- **EXERCISE BRIEF**: What is needed is every line from the one holding "We are now going" to the last line of the data below, printed exactly and without pictures.

- **SOURCE DATA**:
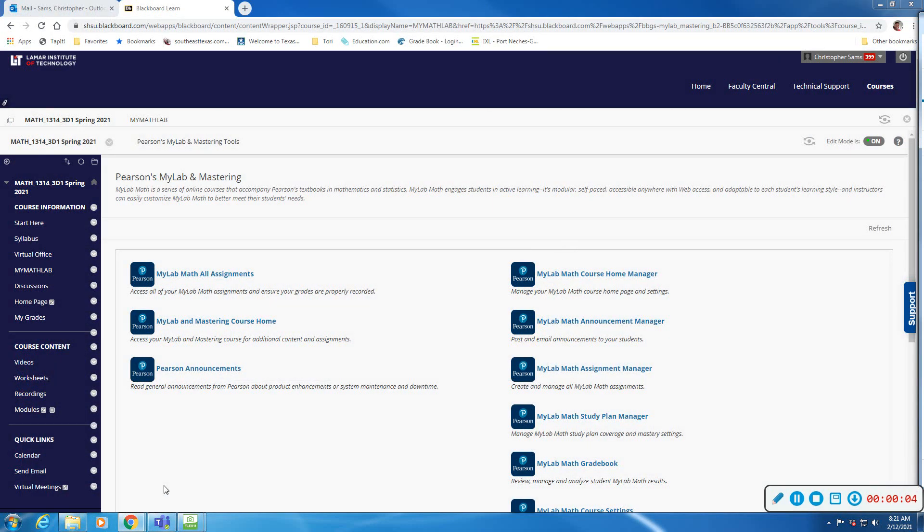All right, so section 2.3 we're going over the line. This first question, number 1, says for the line 2x plus 3y equals 6, the x intercept is and the y intercept is. All right.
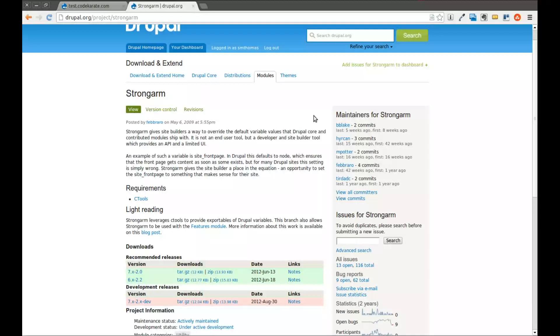Hello there and welcome to another daily dose of Drupal. My name is Shane and today we are on episode number 23. This is a special episode because this will be the 100th post, I believe, on CodeKarate.com.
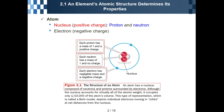Each proton has a mass of one and carries a positive charge. A neutron also has a mass of one, but carries no charge. The other component of the atom is the electron, which carries negative charges. This is the basic structure of the atom.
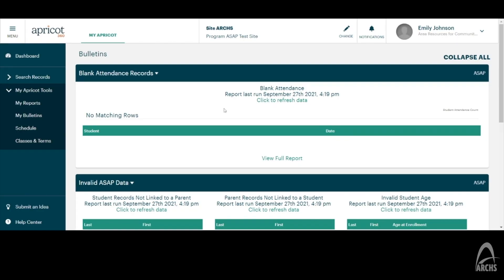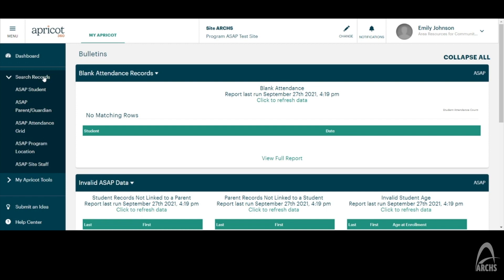We are now going to show what it can look like to see information regarding your specific site. Under the menu in Search Records, you are able to go to ASAP Program Location.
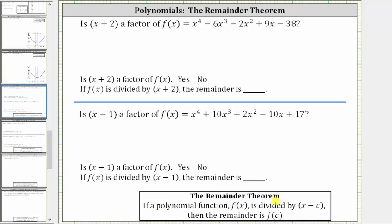In this video, we will use the remainder theorem to determine if a given binomial is a factor of a given polynomial. The remainder theorem states that if a polynomial function f of x is divided by the binomial x minus c, then the remainder is f of c. So if f of c is zero, x minus c is a factor.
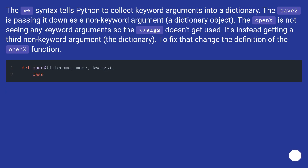The ** syntax tells Python to collect keyword arguments into a dictionary. The save2 function is passing it down as a non-keyword argument — a dictionary object. OpenX is not seeing any keyword arguments, so kwargs doesn't get used. It's instead getting a third non-keyword argument, the dictionary. To fix that, change the definition of the OpenX function.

- **OUTPUT BELOW**:
We are now going to show what it can look like to see information regarding your specific site. Under the menu in Search Records, you are able to go to ASAP Program Location.
In this video, we will use the remainder theorem to determine if a given binomial is a factor of a given polynomial. The remainder theorem states that if a polynomial function f of x is divided by the binomial x minus c, then the remainder is f of c. So if f of c is zero, x minus c is a factor.
The ** syntax tells Python to collect keyword arguments into a dictionary. The save2 function is passing it down as a non-keyword argument — a dictionary object. OpenX is not seeing any keyword arguments, so kwargs doesn't get used. It's instead getting a third non-keyword argument, the dictionary. To fix that, change the definition of the OpenX function.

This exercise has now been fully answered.